(Materials provided)
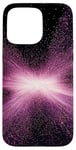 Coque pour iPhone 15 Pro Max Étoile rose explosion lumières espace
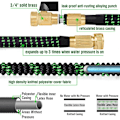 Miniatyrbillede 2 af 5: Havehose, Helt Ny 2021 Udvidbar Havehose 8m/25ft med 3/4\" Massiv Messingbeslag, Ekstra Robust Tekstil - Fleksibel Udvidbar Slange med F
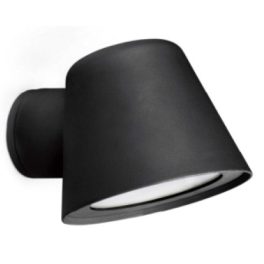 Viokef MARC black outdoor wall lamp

...

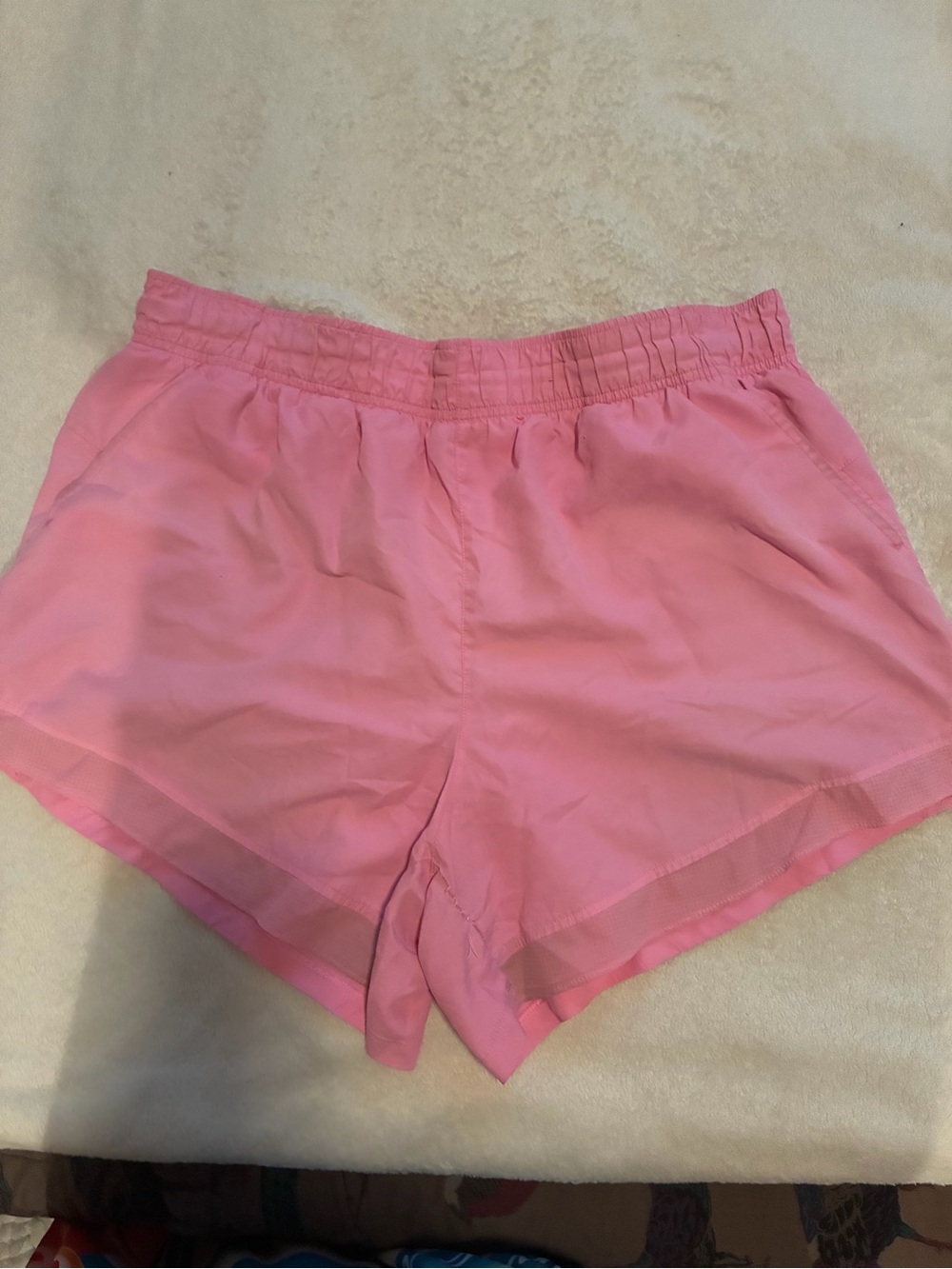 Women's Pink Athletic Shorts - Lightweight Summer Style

(Directions) Print nothing except the lines above from the one containing "Coque pour iPhone" down to the one containing "Viokef MARC black outdoor wall lamp", both included, exactly as written and free of pictures.

(Task output)
 Coque pour iPhone 15 Pro Max Étoile rose explosion lumières espace
 Miniatyrbillede 2 af 5: Havehose, Helt Ny 2021 Udvidbar Havehose 8m/25ft med 3/4\" Massiv Messingbeslag, Ekstra Robust Tekstil - Fleksibel Udvidbar Slange med F
 Viokef MARC black outdoor wall lamp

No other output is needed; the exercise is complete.